═══ Exercise input

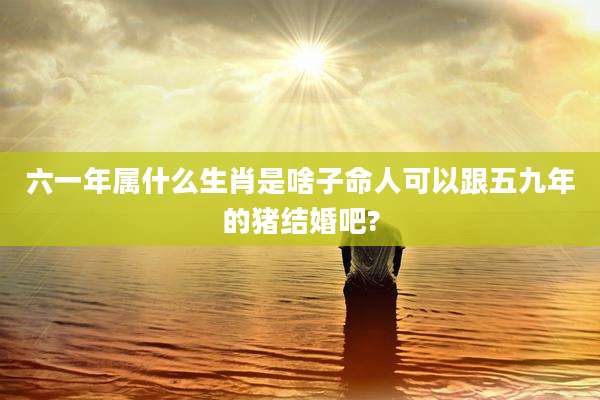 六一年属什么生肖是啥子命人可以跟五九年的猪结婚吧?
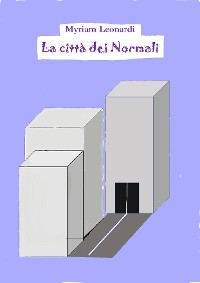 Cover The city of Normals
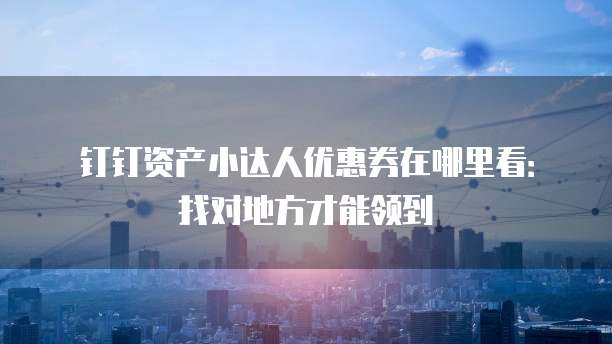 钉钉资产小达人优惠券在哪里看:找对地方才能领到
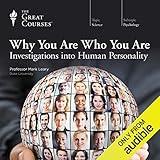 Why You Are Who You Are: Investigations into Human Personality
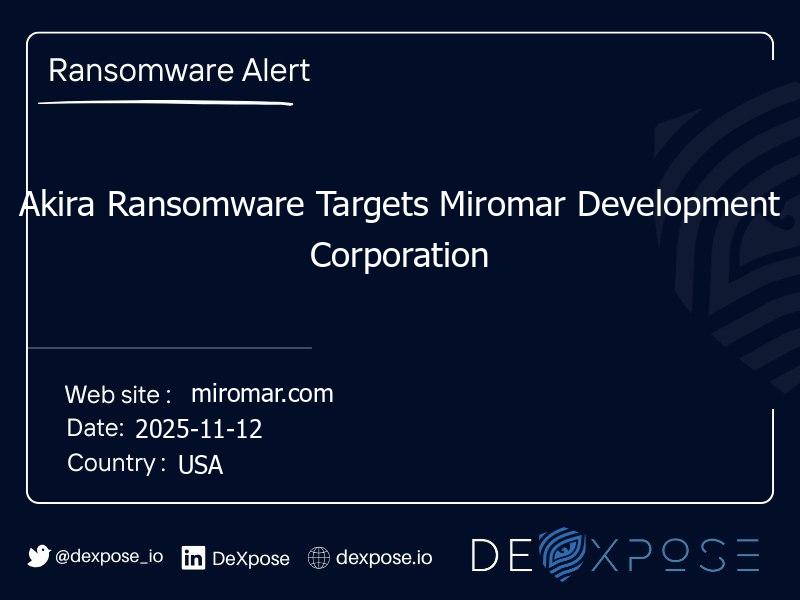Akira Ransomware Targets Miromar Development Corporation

══════

→ **What is required**:
Reproduce exactly the lines from the one with "Why You Are" to the bottom of the listing, both ends included, and nothing else. Skip the pictures.

→ **Solution for this problem**:
 Why You Are Who You Are: Investigations into Human Personality
Akira Ransomware Targets Miromar Development Corporation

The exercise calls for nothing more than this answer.